Stil: Dark Ambient Gothic Folk Doom Spiritual Esoteric

Cover: Darkher: The Kingdom Field

Na, ist das mal ein Projekt wie aus dem Marketing-Hype-Ei gepellt. Mysteriöse Sängerin, lange Haare, weite Landschaften, Spiritualität, düstere Musik – Schublade auf, DARKHER rein, Schublade zu, Fall gelöst. Oder?

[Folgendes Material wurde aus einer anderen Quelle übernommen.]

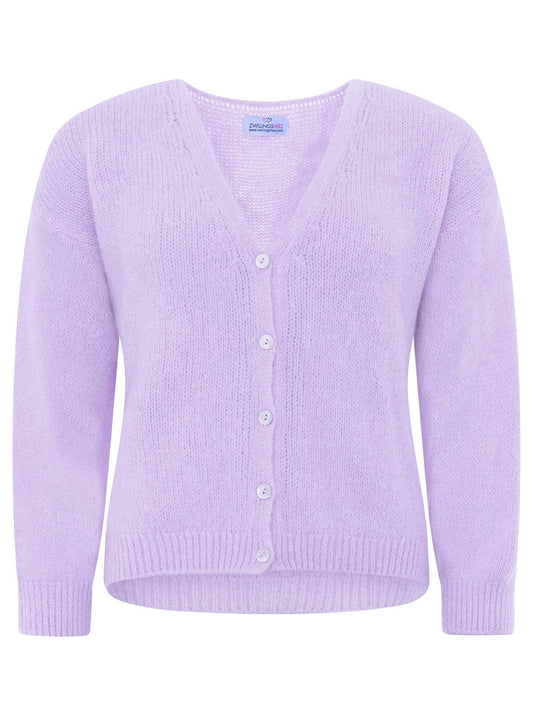💕 Zwillingsherz Strickjacke kurz "Venedig" Wolle Flieder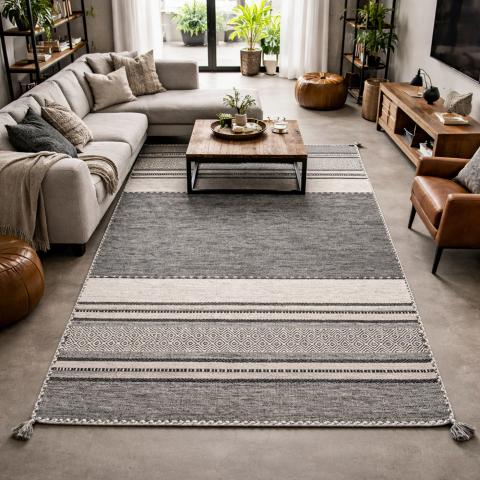 Tapis kilim LYN46 TIVE Gris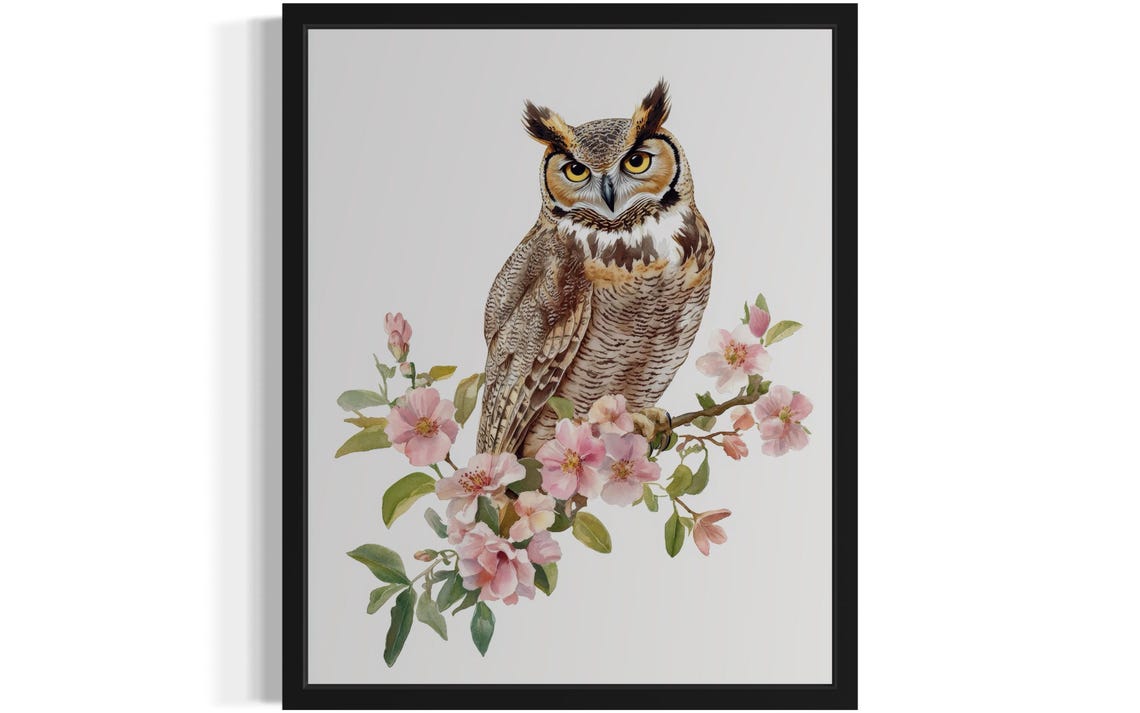 Striking Great Horned Owl on Blossom Branch Watercolor Bird Poster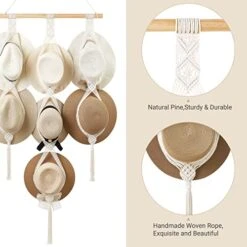 Dahey Macrame Hat Hangers Hat Rack For Wall Cowboy Hat Holder Organizer Display For Closet Hand Weaving Bobo Hanging Hat Organizer Storage For Wide Brim Hats Bowler Fedora Hats, 7 And 5 Hats Style -GENERIC Shop 51YLD4wpNHL 1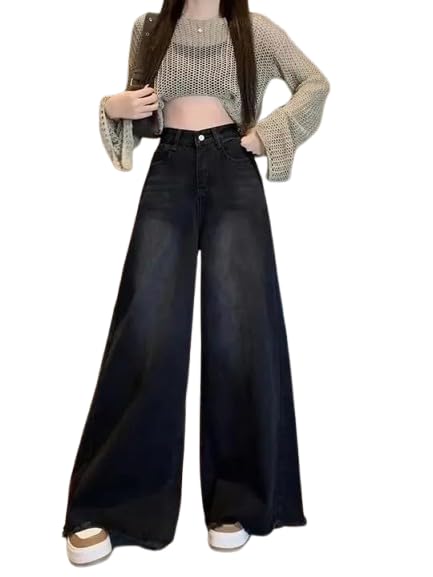 Image of Women's High Waist Baggy Wide Leg Jeans for Women - Loose Fit Washed Black Denim Pants with Straight Palazzo Style, Relaxed Streetwear Korean Trousers
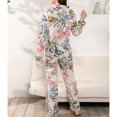 thumbnail image 2 of SWSMCLT Women's Long Sleeve Pajamas Set Silky Comfy Spring Fall Thin V Neck 2 Piece Lounge Set Soft Pjs Satin Holiday Butterfly 10-12, 2 of 5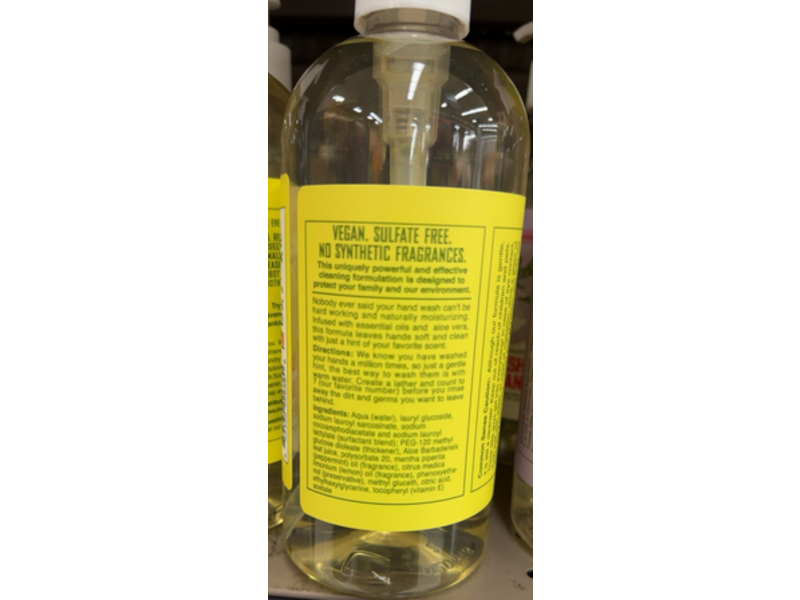 Rebel Green Hand Soap, Peppermint & Lemon, 16.9 fl oz/500 mL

Klarer Fall von falsch gedacht: Die britische Mikrofon- und Gitarrenfee Jayn H. Wissenberg lässt sich auf der Debüt-EP „The Kingdom Field“ unter ihrem Künstlernamen DARKHER nicht so leicht in die Karten gucken. Vier Tracks werden geboten, die den Hörer zunächst einmal ein wenig rätselnd und unschlüssig zurücklassen, die ihn jedoch mit jedem Hördurchgang tiefer in die Musik DARKHERs eintauchen lassen. Was beim unachtsamen Erstkontakt noch wie ein still ruhender musikalischer Binnensee wirkte, entpuppt sich immer mehr als mitreißender Strom, gar Strudel, der unweigerlich im tiefsten Meer landet und den Hörer samt und sonders verschlingt.

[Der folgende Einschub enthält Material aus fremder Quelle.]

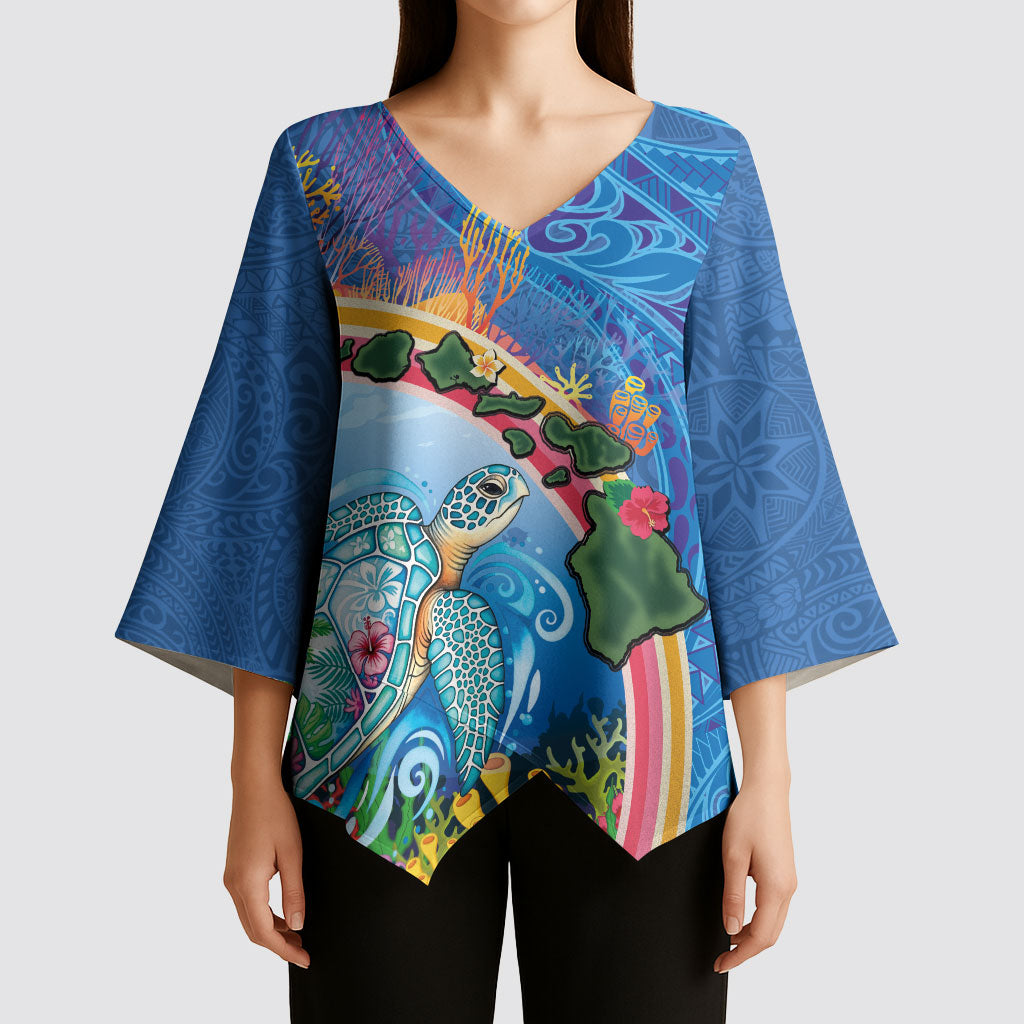 Hawaiian Connecting with the Ocean Kimono Sleeve Blouse Polynesian Pattern LT03 - Polynesian Pride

Sanfte Chöre und ebenso zarte Akustikgitarren verbreiten zunächst den Irrglauben, hier sei eine Schönwettermusikerin auf der Suche nach esoterischer Selbstverwirklichung am Werk, doch immer mehr schlägt die Stimmung um, wird unheilvoller, bedrohlicher, düsterer. Die Stimme von Miss Wissenberg klingt zwar durchweg fragil – im Info ist vortrefflich die Rede von „spukhaft“, für das mir trotz intensiven Nachdenkens kein besserer und treffenderer Begriff eingefallen ist –, doch keinesfalls dünn. Vielmehr schafft die Sängerin es, gleichermaßen deprimiert wie zuversichtlich zu klingen, ebenso kalt und ablehnend wie Trost spendend und erhaben. Die Musik lässt sich dabei wie ein mit karger Besetzung bestückter Holzkutter von den Wellen treiben, streift den Gothic-Bereich ebenso wie den Folk und den Doom, lässt sich auf ein Rendezvous mit Ambient-Klängen ein, ist auch dem Post Rock zugetan – und ist am Ende alles wie nichts von dem gerade Beschriebenen. Anspieltipps zu geben ist geradezu töricht, wer dennoch meint, mit dem schnellen Klick im Internet vollständigen Zugang zu dieser tiefschürfenden Musik zu bekommen, dem seien „Hung“ und „Foregone“ ans Herz gelegt.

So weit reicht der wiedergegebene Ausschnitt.